>>>>
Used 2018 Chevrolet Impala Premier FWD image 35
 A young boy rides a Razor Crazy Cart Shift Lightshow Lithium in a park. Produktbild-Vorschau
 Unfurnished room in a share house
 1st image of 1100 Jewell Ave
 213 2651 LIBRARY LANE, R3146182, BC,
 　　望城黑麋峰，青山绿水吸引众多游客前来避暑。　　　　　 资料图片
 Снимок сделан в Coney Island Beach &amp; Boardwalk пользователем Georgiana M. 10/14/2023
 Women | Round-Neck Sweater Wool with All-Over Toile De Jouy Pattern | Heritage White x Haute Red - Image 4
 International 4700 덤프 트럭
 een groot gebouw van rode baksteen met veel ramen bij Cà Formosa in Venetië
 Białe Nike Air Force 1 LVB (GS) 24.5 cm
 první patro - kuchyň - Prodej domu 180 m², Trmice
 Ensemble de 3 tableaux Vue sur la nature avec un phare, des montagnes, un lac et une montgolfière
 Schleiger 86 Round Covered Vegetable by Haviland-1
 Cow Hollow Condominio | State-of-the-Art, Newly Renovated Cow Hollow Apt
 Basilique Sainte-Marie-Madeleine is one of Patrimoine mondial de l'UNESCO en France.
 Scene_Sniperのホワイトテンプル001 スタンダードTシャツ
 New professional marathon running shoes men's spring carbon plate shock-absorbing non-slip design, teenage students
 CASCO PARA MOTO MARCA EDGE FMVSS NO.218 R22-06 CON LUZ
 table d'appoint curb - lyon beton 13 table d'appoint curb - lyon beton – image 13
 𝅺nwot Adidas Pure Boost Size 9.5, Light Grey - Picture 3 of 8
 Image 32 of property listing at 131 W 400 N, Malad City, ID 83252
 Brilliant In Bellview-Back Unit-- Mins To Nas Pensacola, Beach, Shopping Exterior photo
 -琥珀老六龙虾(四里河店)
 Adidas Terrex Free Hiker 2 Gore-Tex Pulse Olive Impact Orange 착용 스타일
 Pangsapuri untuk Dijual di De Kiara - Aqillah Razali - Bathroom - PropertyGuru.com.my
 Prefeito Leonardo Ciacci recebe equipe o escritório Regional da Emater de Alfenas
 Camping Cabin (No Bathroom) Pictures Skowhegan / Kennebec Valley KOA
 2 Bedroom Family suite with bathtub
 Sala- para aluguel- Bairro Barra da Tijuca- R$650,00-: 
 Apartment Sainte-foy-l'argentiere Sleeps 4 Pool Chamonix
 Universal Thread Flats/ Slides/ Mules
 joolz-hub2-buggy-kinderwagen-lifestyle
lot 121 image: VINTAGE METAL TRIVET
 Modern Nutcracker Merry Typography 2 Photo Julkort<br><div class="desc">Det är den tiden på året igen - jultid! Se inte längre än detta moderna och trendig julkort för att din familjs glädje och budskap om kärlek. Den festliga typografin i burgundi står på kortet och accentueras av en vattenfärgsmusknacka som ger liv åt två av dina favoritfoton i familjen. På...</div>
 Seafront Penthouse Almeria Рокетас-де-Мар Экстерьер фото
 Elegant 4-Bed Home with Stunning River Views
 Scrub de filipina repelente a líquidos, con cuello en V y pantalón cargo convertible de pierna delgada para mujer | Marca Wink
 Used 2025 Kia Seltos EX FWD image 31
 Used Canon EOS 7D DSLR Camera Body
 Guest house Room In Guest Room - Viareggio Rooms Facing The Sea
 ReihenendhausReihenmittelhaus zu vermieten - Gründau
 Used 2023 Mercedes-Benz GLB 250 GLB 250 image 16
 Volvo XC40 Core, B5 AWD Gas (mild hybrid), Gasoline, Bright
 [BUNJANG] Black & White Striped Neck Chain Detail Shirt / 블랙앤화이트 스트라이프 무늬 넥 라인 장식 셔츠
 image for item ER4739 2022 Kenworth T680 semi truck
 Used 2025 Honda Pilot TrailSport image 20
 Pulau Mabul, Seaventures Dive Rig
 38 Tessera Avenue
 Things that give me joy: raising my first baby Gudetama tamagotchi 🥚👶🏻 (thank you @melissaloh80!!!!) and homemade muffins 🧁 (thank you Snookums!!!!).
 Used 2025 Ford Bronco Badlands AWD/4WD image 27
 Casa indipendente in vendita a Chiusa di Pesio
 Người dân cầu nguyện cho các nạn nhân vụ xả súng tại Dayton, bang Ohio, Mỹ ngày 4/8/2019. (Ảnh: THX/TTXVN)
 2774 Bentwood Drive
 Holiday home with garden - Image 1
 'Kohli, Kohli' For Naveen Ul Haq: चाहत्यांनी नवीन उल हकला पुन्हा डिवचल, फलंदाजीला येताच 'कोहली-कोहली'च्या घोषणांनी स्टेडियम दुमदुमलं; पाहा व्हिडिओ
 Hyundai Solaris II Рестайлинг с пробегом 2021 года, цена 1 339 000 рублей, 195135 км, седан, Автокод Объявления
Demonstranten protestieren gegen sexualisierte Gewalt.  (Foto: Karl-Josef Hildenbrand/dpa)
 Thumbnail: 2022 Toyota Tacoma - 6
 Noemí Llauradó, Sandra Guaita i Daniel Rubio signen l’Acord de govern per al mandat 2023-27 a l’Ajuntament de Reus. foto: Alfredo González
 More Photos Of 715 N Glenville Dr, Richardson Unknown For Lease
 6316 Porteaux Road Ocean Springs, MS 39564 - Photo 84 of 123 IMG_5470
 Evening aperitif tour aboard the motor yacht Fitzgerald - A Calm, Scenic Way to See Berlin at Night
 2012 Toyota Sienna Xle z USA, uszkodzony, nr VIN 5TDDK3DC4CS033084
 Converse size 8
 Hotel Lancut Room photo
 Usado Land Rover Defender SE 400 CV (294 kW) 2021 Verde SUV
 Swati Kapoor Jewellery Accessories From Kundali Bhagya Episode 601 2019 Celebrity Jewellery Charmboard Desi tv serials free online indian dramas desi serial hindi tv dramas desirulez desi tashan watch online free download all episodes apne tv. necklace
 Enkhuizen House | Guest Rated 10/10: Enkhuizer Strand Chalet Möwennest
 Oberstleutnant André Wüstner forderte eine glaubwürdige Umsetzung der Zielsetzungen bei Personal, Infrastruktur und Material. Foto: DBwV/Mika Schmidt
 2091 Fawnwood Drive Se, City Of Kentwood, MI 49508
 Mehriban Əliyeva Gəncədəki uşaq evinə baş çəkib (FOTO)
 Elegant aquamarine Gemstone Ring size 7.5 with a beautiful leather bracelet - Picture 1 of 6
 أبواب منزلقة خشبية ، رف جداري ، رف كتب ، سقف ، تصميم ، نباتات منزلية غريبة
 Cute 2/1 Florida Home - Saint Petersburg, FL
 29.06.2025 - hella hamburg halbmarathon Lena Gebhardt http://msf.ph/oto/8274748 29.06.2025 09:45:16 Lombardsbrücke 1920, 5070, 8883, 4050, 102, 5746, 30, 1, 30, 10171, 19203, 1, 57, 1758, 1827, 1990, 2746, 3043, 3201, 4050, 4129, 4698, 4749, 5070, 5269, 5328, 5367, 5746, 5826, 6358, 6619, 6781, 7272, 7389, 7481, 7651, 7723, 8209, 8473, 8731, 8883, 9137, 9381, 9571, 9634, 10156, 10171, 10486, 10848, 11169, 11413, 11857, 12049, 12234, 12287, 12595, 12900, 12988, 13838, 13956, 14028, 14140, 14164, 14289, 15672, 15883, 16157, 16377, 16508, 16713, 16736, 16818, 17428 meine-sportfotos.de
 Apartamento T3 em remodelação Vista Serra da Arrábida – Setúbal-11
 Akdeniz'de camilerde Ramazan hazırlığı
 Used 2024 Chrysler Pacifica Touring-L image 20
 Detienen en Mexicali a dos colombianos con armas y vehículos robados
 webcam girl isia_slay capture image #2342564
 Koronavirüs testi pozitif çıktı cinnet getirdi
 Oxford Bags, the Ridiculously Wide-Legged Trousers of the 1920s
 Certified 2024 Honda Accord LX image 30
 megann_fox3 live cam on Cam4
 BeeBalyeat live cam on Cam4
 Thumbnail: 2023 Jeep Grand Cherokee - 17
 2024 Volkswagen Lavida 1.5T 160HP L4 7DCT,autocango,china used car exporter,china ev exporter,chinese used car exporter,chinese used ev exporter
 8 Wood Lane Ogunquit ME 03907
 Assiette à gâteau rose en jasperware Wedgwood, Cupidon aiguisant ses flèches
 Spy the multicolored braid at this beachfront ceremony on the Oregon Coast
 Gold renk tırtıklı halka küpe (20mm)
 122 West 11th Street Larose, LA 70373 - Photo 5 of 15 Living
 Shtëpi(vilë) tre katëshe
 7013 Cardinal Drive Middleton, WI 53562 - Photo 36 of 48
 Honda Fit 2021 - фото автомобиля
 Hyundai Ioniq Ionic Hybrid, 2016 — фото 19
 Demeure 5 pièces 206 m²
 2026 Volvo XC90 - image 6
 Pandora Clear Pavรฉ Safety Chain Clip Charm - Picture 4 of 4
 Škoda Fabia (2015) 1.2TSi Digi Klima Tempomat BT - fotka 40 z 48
<<<<
*What you should do*
Restate verbatim all lines from the start of the data through the line containing "213 2651 LIBRARY", with both ends kept.

*Task result*
Used 2018 Chevrolet Impala Premier FWD image 35
 A young boy rides a Razor Crazy Cart Shift Lightshow Lithium in a park. Produktbild-Vorschau
 Unfurnished room in a share house
 1st image of 1100 Jewell Ave
 213 2651 LIBRARY LANE, R3146182, BC,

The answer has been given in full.